Given two algebras $A$ and $B$ in any fixed variety $\mathbf{V}$ of algebras and any $\mathbf{V}$-homomorphism $f:A \to B$, define $f$ to be "quasi-injective" if for any $\mathbf{V}$-algebra $C$ and any map $g:C \to A$, if $f \circ g$ is a $\mathbf{V}$-homomorphism, then $g$ must itself be a $\mathbf{V}$-homomorphism.
Then, is it true that "quasi-injective $\mathbf{V}$-homomorphisms" are necessarily injective?
The following three properties are easily verified:
- The "quasi-injective $\mathbf{V}$-homomorphisms" form a wide subcategory of the category of $\mathbf{V}$-algebras and all homomorphisms.
- If $f \circ g$ is defined and a "quasi-injective $\mathbf{V}$-homomorphism", then so is $g$.
- Any injective $\mathbf{V}$-homomorphism is "quasi-injective".
Given the above three properties, it follows that it then suffices to look at "quasi-injective" quotient maps $A \to A/{\sim}$ and ask whether $\sim$ must then be the identity congruence.

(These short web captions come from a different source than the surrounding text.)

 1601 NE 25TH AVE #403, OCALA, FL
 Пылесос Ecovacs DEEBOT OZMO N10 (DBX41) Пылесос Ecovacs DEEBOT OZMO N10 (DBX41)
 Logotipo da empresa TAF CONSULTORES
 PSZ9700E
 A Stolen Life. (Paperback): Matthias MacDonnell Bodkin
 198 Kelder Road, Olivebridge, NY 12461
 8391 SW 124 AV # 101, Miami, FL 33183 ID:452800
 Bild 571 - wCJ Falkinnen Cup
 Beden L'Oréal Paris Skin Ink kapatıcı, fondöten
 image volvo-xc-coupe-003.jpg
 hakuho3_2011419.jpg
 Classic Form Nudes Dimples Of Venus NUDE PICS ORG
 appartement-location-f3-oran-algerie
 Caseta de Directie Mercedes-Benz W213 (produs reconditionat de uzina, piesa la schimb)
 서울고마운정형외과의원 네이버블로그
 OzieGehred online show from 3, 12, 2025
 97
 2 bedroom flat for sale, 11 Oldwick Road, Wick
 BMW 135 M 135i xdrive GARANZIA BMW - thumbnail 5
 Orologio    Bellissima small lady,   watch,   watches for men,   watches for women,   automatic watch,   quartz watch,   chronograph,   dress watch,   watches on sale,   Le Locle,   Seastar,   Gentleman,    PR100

The question then becomes the following:
Given any $\mathbf{V}$-algebra $A$ and any congruence $\sim$ on $A$, is it true that if any function from any $\mathbf{V}$-algebra to $A$ that is a "homomorphism" up to $\sim$ is in fact a homomorphism "on the nose", then $\sim$ must necessarily be the identity congruence?
In this question, the variety $\mathbf{V}$ must not be the varieties of sets with no operation, singleton sets (defined with a constant $p$ and the axiom $\forall x\, x=p$), or subsingleton sets (defined with the axiom $\forall x\, \forall y\, x=y$, which includes the empty algebra).
For the variety of groups, rings, or modules, let $K$ be the normal subgroup, ideal, or submodule, respectively, corresponding to the congruence $\sim$. Then, given any "honest" homomorphism $f:B \to A$, one can just redefine $f(e)$ (in the case of groups) or $f(0)$ (in the case of rings or modules) to be some random non-identity (so nonzero in the case of rings or modules) element of $K$ to get a non-homomorphism $B \to A$ that becomes an "honest" homomorphism after post-composing with the quotient map $A \to A/{\sim}=A/K$.
For general varieties, I'm not sure what the answer is.